Likewise, an alchemist is listed at 1 GP/day.  Seeing as how alchemists are spellcasters, this must mean that a level 1 adept costs 1 GP/day.

I'd figure that an NPC with 1 PC level would be AT LEAST 1 GP/day if not more.

In 1st edition AD&D, the MINIMUM salary per day was 3.5 GP/day/level.  This would get you a minimum loyalty that only treasure shares/gifts/magic items would enhance.  That seems like a decent guideline at a minimum to me.

If the players really want elite muscle, they should take the leadership feat.


----------



## dcollins (Nov 2, 2005)

Guilberwood said:
			
		

> Is there an oficial (WOTC or third party) cost for hiring npcs as aventures.




Answer to this is "no". As stated earlier, if you want classed followers, the core-rules way is to take the Leadership feat.

One thing: Consider the PHB spellcasting prices (10 x spell level x caster level). It costs 10 gp just for one casting of _cure light wounds_, and that's if you go to the spellcaster's home! (As the PHB says, if you want the caster to go into any danger, that's a separate negotiation: maybe x3 or x5 or something). If you add up all the daily spells for a caster plus danger, it gets overwhelming really fast.

But I've been tinkering on this subject for fighter-types, at least, recently. Consider mercenary War1 in D&D to be 3 sp/day average. For each +2 levels, double the price. Add more if they have good equipment, double if they're Fighter instead of Warrior, multiply more if expecting significant danger, add more for any extra equipment or supplies or food. That's my ballpark.
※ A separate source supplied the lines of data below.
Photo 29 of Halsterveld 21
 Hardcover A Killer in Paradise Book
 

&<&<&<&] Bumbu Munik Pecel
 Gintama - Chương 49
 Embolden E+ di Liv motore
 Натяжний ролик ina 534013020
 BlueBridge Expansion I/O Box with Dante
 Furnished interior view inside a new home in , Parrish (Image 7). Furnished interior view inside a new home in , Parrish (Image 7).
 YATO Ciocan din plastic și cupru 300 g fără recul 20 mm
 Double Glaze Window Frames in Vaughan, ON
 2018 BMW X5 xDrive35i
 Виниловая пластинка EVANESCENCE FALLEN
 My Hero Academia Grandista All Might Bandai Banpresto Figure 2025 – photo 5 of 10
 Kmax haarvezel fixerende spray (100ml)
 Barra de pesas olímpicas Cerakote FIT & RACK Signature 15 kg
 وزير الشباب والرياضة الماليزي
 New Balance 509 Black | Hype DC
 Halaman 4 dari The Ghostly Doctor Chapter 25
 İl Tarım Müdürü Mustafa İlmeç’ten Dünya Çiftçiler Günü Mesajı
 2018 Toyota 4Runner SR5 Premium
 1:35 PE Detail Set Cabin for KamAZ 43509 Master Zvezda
Another way you could look at it is consider the NPC Gear Value table. Like maybe take the average NPC Gear Value for the appropriate level, and divide by 10 for annual salary as a start (about the same as the previous method)?


----------



## Elder-Basilisk (Nov 2, 2005)

Well, here's the thing. You're not hiring them as adventurers. (If you were, I'd suggest one equal share of the treasure or 5 gp/level per whichever is more for adventurers of similar stature to the hiring PC with possibilities of more shares or half shares for stronger or weaker adventurers). Instead, you're hiring mercenaries or guards. In that case, I'd use the 1e DMG prices for mercenary troops.


----------



## Scharlata (Nov 2, 2005)

Guilberwood said:
			
		

> Is there an oficial (WOTC or third party) cost for hiring npcs as aventures.




Hi!

I don't have my books around here, but have you checked the *Arms and Equipment Guide * ("3.25"). I think there are some tables for hirelings and stuff... 

Kind regards


----------



## Pinotage (Nov 2, 2005)

Scharlata said:
			
		

> Hi!
> 
> I don't have my books around here, but have you checked the *Arms and Equipment Guide * ("3.25"). I think there are some tables for hirelings and stuff...
> 
> Kind regards




Yes, that's worth a look at. I believe it states something like 2 gp per day per level for a mercenary with a PC class. It also gives details on hiring exotic creatures, such as minotaurs or hill giants. But I think the above rule is probably what the original poster is after.

Pinotage


----------



## shilsen (Nov 2, 2005)

The Sharn book for Eberron lists prices for hiring mercenaries from House Deneith (a mercantile house that provides mercenary services across the continent) as follows:

Warrior1 - 2.5 sp per day
Warrior2 or Fighter1 - 4 sp per day
Warrior3 or Fighter2 - 6 sp per day
Warrior4 or Fighter3 - 1 gp per day


----------



## Guilberwood (Nov 2, 2005)

Thanks Guys

Just checked the arms and equipmente guide, which was a good thing...it has good uses I had forgotten about.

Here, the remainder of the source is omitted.